As home prices continue to rise, some experts are concerned that the growth is too much for many potential buyers and will force them to rent, according to the latest report from CoreLogic. Prices are showing no signs of slowing either, keeping affordability is at its lowest in 10 years.
- Home prices were up 6.2% year-over-year in October
- Forecasts show prices rising another 4.1% by the end of 2018
- Price growth could lock potential buyers out of the market, forcing them to rent
The National Home Price Index just surpassed its pre-recession peak and price growth shows no sign of slowing down. “Home prices continue their climb supported by low inventories and increasing sales,” said David Blitzer, managing director and chairman of the Index Committee at S&P Dow Jones Indices. “Nationally, home prices are up 6.2% in the 12 months to October, three times the rate of inflation.”

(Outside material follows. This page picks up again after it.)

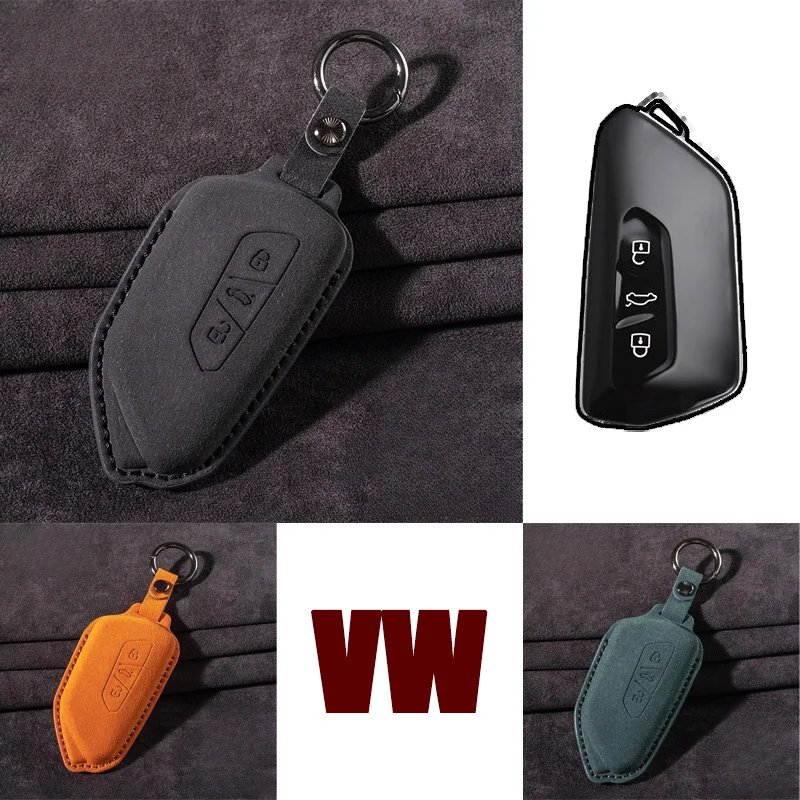 3ボタン-スエードレザー製-車用スマートリモートキーフォブケースカバー-vw-ゴルフ8-id4-mk4-mk8-セアト-レオン-シュコダ-オクタビア-タラコ-アテカ-2020対応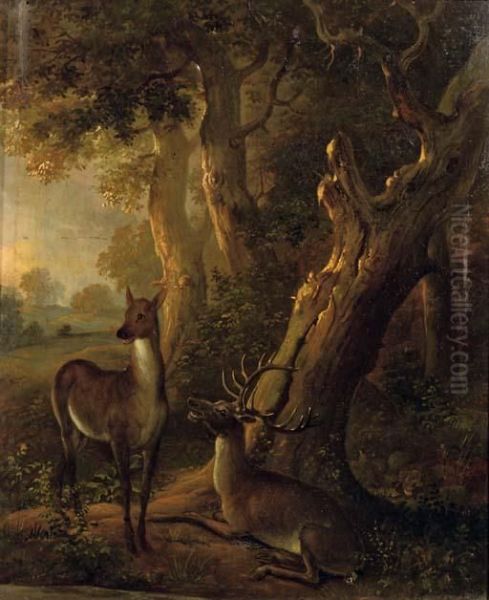 A Deer And A Stag In A Wooded Landscape Oil Painting by Carl Borromaus Andreas Ruthart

High prices have also been dragging inventory and sales down all year long. Sales rebounded in November, but the jump is likely temporary as inventory remains desperately low. “Inventories measured by months-supply of homes for sale dropped from the tight level of 4.2 months last summer to only 3.4 months in November,” Blitzer said.
“Underlying the rising prices for both new and existing homes are low-interest rates, low unemployment, and continuing economic growth,” Blitzer added. “Some of these favorable factors may shift in 2018. The Fed is widely expected to raise the Fed funds rate three more times to reach 2% by the end of the New Year.”
The culmination of high prices, high demand, and low inventory have put the housing market in a tough spot. Housing affordability is at its lowest in 10 years, according to ATTOM Data Solution’s Home Affordability Index.
“The last few months of 2017 have clearly demonstrated the extent to which the housing market refuses to be knocked off its stride,” Zillow Senior Economist Aaron Terrazas said. “Whether and how long the housing market can continue to defy gravity, and whether the good times last into 2018, remain open questions. But for now, the fundamentals driving the market today look unlikely to change anytime soon.”